FBI officials said Thursday there was “no indication of criminal activity” in the plant explosion. However, one cannot rule out the possibility of something other than an industrial accident, given the location and timing of the event.
The town of West, Texas is located 20 miles north of Waco, where an FBI assault on a religious compound initiated a fire that killed 76 men, women and children on April 19, 1993. Exactly two years later, on April 19, 1995, Timothy McVeigh carried out the Oklahoma City bombing, killing 168 people, in retaliation for the Waco siege. The West, Texas explosion took place within two days of the anniversary of these events.
The explosion in West, Texas is only the latest in a string of US industrial disasters. Below is a partial list of such events over the past decade:
• On March 23, 2005, a major explosion ripped through BP’s Texas City refinery, killing 15 workers and injuring over 170 others.
• On January 2, 2006, twelve miners died in Sago, West Virginia after a mine explosion and collapse. Two weeks before the disaster, a federal mine inspector concluded, after finding a buildup of coal dust, that “the operator has shown a high degree of negligence for the health and safety of the miners that work at this coal mine.”
• On February 7, 2008, fourteen people died in a sugar refinery explosion in Port Wentworth, Georgia after plant management allowed the buildup of combustible sugar dust in the facility.
• On April 5, 2010, twenty-nine miners were killed in the Upper Big Branch Mine disaster in Raleigh County, West Virginia. A regulatory investigation concluded that the disaster was due to gross negligence on the part of the mine’s operator, but fined the company only $10 million, and only one low-level superintendent was found guilty of a crime.
• On April 20, 2011, 11 workers died after an explosion on the Deepwater Horizon oil rig in the Gulf of Mexico caused by negligent decisions by BP and Transocean, resulting in the largest marine oil spill and the largest environmental disaster in US history.
All of the incidents noted above involved major infractions of workplace safety rules, which regulators either did not have the resources to investigate or deliberately overlooked.
Between OSHA and state agencies, there are only 2,200 inspectors responsible for enforcing the safety of 130 million workers in America—which translates to about one inspector for every 59,000 workers. As a result of severe staffing cutbacks, OSHA has largely abandoned regular inspections in favor of investigating instances where there “has been a fatality, multiple hospitalizations, [or] where a worker files a formal complaint,” David Michaels, Assistant Secretary Of OHSA, told Congress in 2011.
Michaels added that, in 1977, OSHA had 37 inspectors for every million workers, while today there are only 22. Workplace regulations are being further weakened as a result of “sequester” budget cuts that began to take effect in March.

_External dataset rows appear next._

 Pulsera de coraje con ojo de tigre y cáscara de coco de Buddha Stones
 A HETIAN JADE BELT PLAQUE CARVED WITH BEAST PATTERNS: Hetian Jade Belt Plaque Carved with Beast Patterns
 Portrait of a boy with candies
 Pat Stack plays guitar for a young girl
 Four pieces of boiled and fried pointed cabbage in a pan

The recession that started in 2007 has fueled an even further erosion of workplace conditions, as employers have used the threat of layoffs to prevent workers from speaking out about unsafe conditions, while imposing speedup on workforces already decimated by job cuts.

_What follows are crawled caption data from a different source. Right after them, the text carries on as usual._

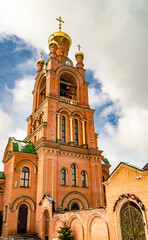 Christian church cross in high steeple tower for prayer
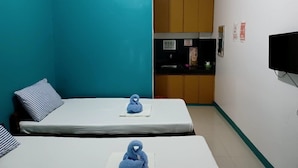 A small, compact room with two beds, a kitchenette, and a TV. - Pete's Inn (Roxas City)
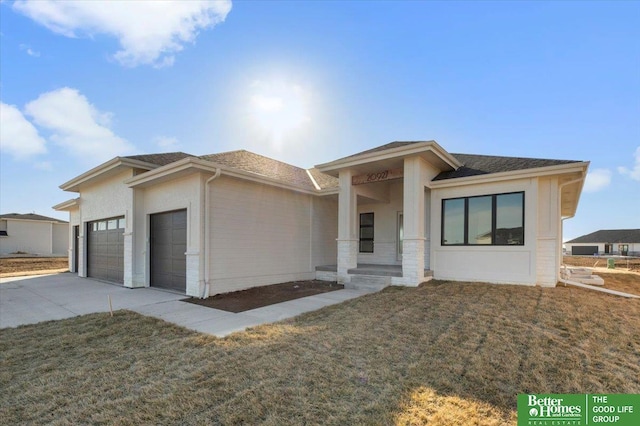 prairie-style home featuring a garage and a front yard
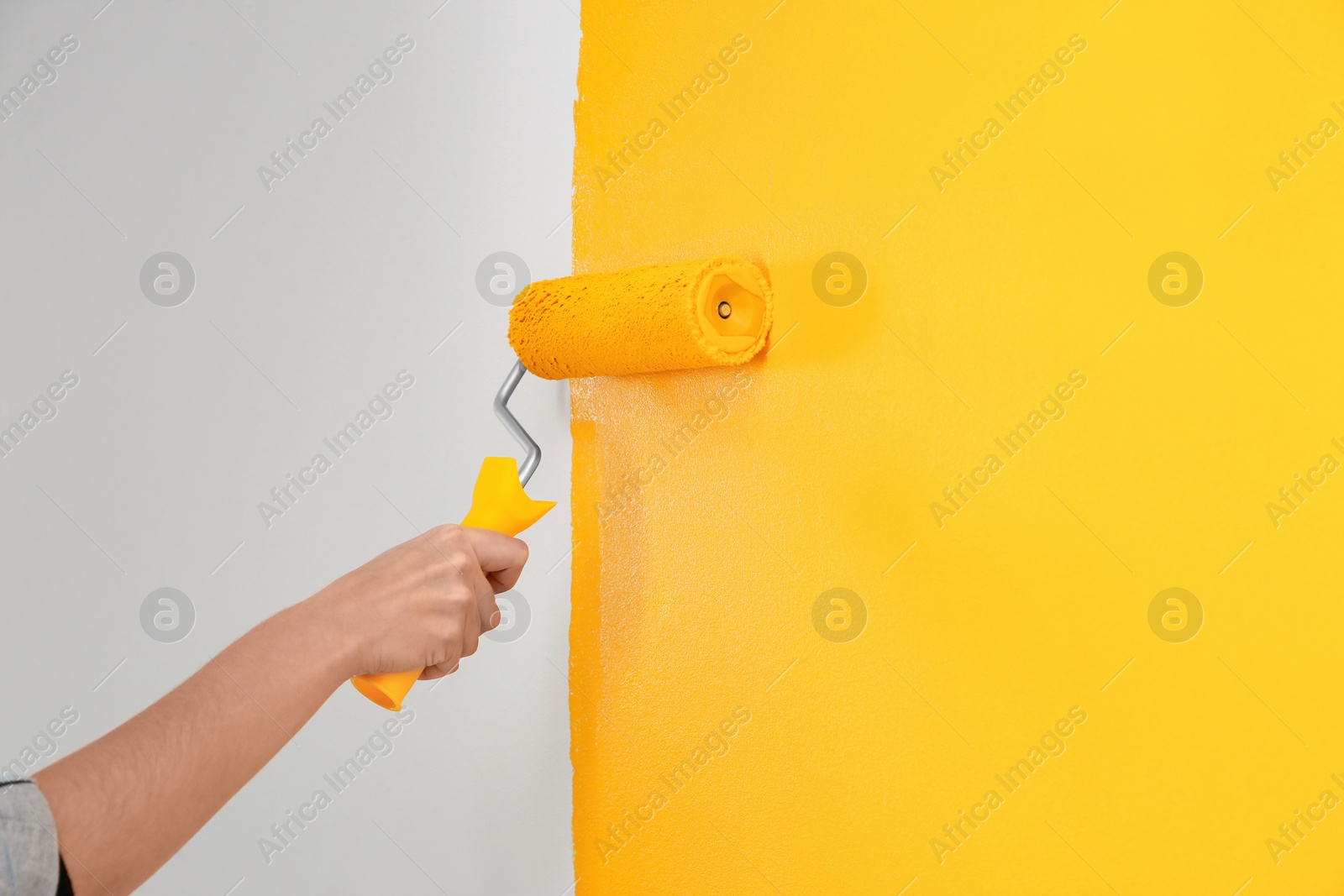 Photo of Woman painting white wall with yellow dye, closeup. Interior renovation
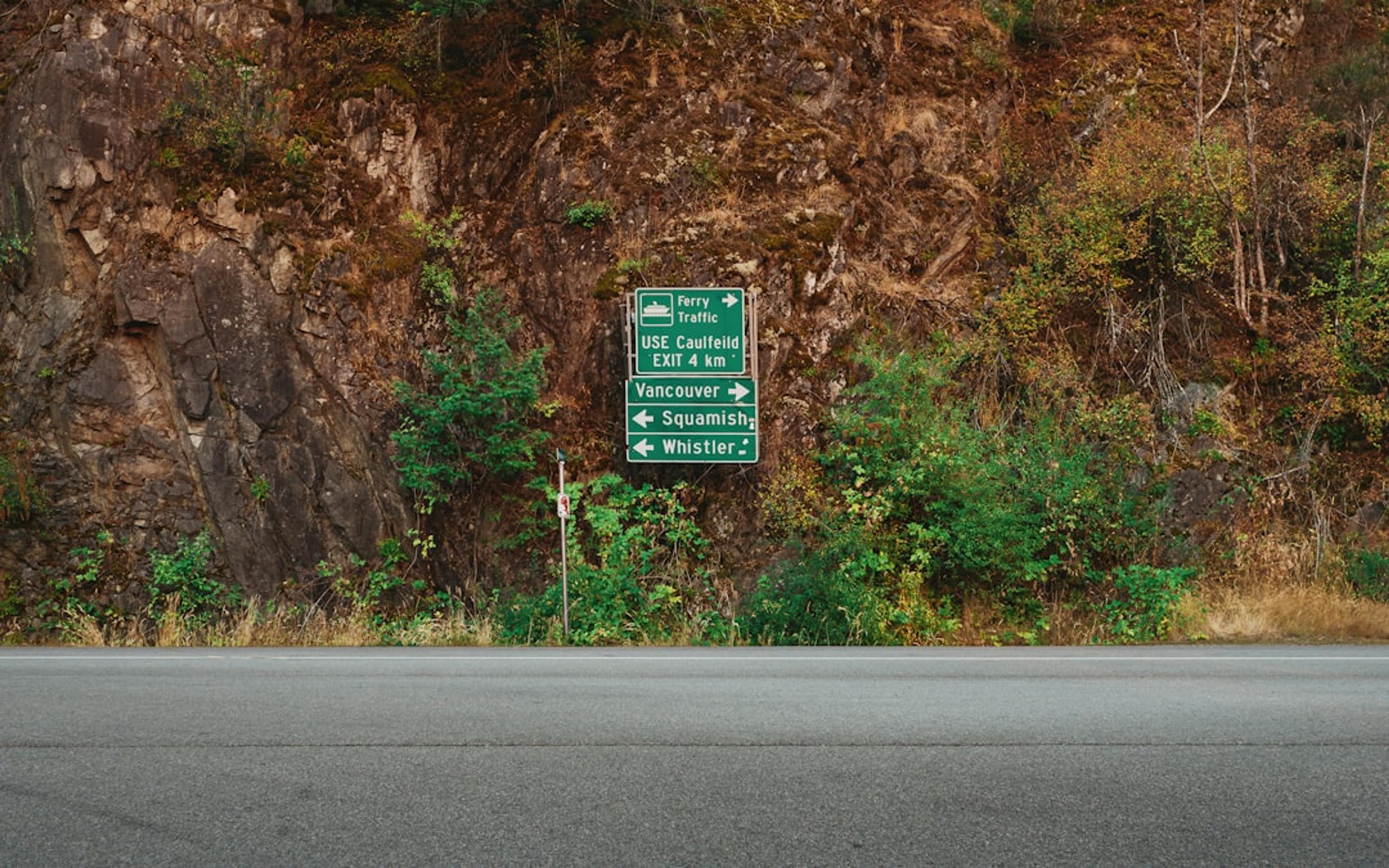 Roadside sign on a rocky hillside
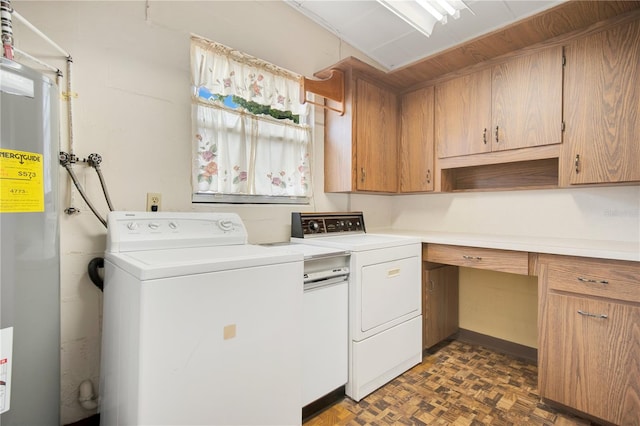 washroom featuring electric water heater, separate washer and dryer, cabinets, and dark parquet floors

The frequency of disasters and fatalities at US workplaces is rooted in the private ownership of the means of production and the subordination of all social questions to the accumulation of wealth in the hands of the financial-corporate elite. This elite monopolizes political life through its two corporate-controlled parties, which uphold the “right” of owners to dictatorial control of the workplace.

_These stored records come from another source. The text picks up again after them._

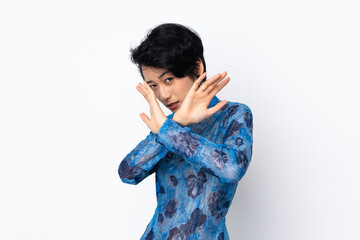 Young Vietnamese woman with short hair wearing a traditional dress over isolated white background nervous stretching hands to the front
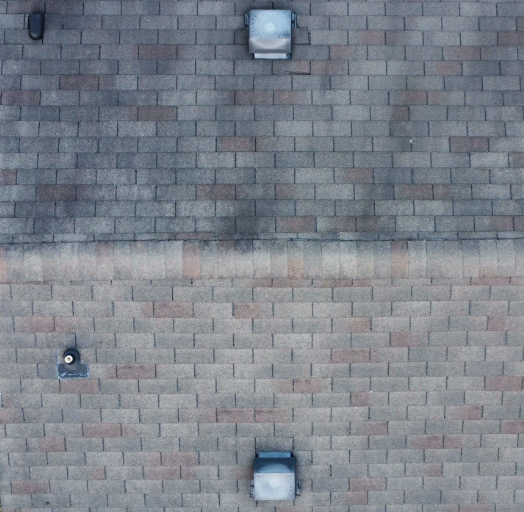 Overhead view of a gray and brown shingled roof with three rectangular vents and one cylindrical pipe.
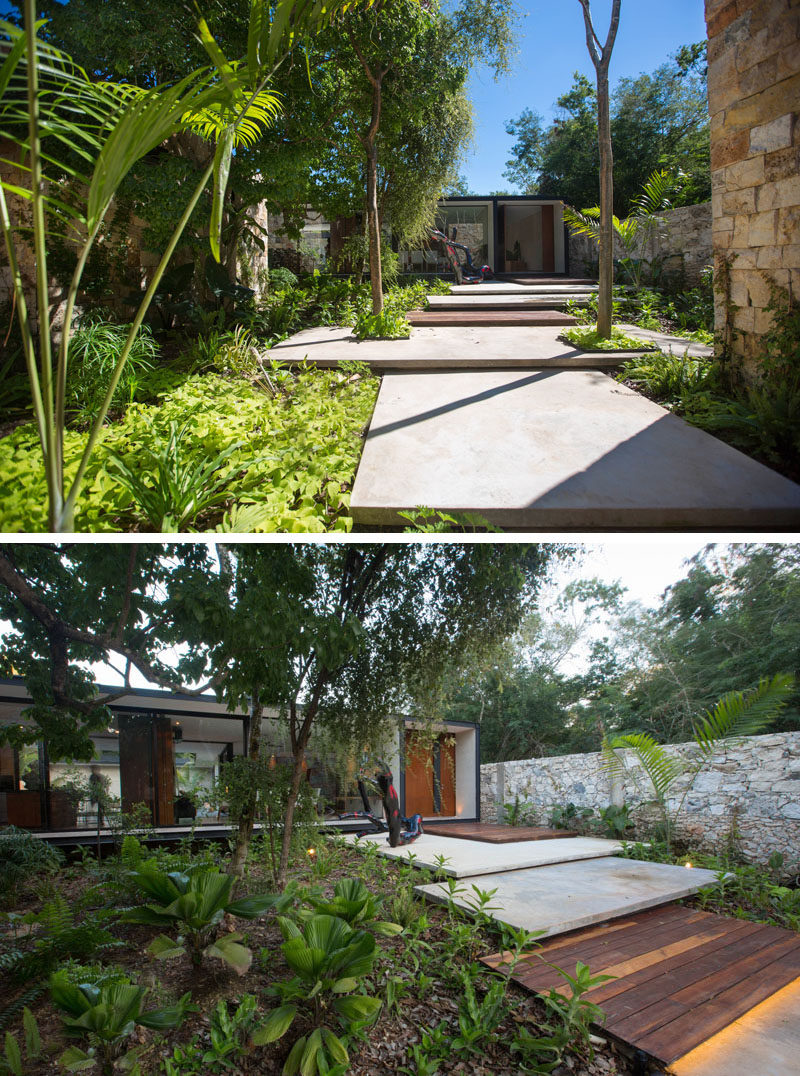 A stepped path made from wood and concrete, and surrounded by lush landscaping leads you from the garage to the main house.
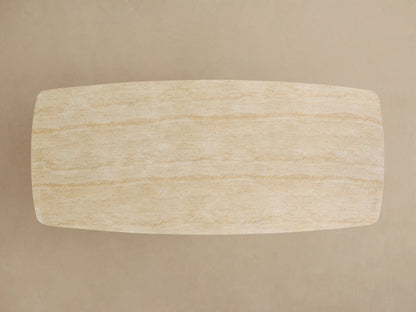 Close-up of an Outdoor Dining Table with a natural light beige, textured sintered stone top and a dark gray Launette base.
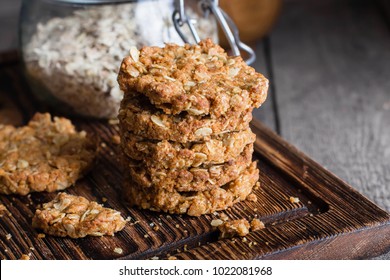 Homemade oatmeal cookies on wooden board on old table background. Healthy Food Snack Concept. Copy space/ - Powered by Shutterstock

The only way to end the wanton maiming and killing of workers on the job, and the poisoning of the environment, is to establish genuine industrial democracy and workers’ control over production. This can be achieved only through a mass movement of the working class, armed with a socialist perspective. Major corporations and financial institutions must be nationalized and placed under public ownership, and economic life organized on the basis of social need, not private profit.